PROBLEM DESCRIPTION = Copy nothing from the entries below except the lines from the one containing "Надо ли сливать" through the one containing "Куртка джинсовая с", and copy those exactly.

EXTRACTED INFORMATION =
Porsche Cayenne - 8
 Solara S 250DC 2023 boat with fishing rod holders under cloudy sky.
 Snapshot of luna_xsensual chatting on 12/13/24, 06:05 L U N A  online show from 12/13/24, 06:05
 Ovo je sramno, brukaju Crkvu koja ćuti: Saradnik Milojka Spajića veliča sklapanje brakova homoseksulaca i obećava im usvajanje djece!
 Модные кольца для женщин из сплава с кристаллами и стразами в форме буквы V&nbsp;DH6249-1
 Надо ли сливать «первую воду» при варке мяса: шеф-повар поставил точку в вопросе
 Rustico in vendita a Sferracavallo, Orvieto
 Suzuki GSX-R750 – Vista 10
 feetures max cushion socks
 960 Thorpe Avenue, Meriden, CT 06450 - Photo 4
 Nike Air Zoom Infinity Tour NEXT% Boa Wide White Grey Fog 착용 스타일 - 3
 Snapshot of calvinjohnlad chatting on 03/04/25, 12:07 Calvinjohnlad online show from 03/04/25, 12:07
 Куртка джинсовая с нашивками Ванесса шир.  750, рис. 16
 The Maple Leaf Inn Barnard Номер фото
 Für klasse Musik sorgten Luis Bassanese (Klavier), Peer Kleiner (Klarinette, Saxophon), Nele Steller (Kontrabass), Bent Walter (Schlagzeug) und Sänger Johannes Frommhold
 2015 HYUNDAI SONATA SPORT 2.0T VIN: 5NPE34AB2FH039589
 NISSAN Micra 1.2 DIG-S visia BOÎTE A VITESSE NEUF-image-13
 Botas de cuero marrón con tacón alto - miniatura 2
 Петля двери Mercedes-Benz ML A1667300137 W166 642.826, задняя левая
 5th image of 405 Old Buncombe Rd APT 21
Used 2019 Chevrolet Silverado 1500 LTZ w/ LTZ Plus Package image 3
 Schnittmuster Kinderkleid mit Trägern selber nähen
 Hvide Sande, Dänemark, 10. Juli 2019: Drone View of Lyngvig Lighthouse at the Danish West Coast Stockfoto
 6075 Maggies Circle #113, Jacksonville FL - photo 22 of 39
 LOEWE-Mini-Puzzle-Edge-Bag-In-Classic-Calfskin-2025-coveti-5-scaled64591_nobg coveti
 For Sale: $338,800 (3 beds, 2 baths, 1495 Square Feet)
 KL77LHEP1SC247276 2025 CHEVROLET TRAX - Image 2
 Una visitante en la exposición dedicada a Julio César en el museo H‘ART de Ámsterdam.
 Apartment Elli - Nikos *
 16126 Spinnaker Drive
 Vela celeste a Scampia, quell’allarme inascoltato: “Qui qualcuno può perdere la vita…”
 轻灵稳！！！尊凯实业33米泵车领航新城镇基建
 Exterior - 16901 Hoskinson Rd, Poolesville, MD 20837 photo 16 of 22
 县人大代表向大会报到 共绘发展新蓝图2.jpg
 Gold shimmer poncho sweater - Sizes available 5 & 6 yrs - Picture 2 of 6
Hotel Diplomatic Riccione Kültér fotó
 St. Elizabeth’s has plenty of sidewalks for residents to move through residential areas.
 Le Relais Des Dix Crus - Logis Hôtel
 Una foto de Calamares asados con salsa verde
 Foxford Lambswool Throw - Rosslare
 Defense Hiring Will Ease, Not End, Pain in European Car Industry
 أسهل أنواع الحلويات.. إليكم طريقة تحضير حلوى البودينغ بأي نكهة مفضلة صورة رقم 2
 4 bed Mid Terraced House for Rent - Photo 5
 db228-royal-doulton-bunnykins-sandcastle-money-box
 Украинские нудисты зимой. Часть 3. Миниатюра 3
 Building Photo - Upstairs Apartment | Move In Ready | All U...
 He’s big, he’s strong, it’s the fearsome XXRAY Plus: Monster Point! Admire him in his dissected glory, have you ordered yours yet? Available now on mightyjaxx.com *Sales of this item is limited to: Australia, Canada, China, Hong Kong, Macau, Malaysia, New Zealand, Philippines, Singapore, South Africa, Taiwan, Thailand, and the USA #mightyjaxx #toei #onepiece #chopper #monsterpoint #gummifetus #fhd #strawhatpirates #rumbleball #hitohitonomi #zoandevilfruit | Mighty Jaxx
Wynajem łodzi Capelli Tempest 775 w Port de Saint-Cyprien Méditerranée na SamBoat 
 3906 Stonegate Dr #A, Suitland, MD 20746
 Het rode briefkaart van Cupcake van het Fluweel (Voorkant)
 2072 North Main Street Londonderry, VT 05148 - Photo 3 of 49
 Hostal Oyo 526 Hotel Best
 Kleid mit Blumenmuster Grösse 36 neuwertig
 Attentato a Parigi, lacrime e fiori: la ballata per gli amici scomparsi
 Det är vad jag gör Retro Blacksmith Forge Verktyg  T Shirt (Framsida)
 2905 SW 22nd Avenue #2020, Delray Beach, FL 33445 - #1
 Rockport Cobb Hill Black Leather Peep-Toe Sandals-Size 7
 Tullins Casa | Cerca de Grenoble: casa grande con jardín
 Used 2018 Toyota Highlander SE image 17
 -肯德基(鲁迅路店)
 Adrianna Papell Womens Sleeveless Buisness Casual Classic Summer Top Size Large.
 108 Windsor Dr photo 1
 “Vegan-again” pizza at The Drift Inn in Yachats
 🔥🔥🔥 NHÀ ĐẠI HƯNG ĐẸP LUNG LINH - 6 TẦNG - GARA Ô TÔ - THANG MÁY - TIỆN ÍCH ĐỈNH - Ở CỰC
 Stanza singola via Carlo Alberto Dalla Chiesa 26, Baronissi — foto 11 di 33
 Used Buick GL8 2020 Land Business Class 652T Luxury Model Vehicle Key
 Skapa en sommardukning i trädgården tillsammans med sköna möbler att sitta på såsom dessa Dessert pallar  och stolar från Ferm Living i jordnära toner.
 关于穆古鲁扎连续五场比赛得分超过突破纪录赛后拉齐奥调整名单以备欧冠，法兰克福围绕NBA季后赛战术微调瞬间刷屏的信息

SOLUTION TO THIS EXERCISE =
 Надо ли сливать «первую воду» при варке мяса: шеф-повар поставил точку в вопросе
 Rustico in vendita a Sferracavallo, Orvieto
 Suzuki GSX-R750 – Vista 10
 feetures max cushion socks
 960 Thorpe Avenue, Meriden, CT 06450 - Photo 4
 Nike Air Zoom Infinity Tour NEXT% Boa Wide White Grey Fog 착용 스타일 - 3
 Snapshot of calvinjohnlad chatting on 03/04/25, 12:07 Calvinjohnlad online show from 03/04/25, 12:07
 Куртка джинсовая с нашивками Ванесса шир.  750, рис. 16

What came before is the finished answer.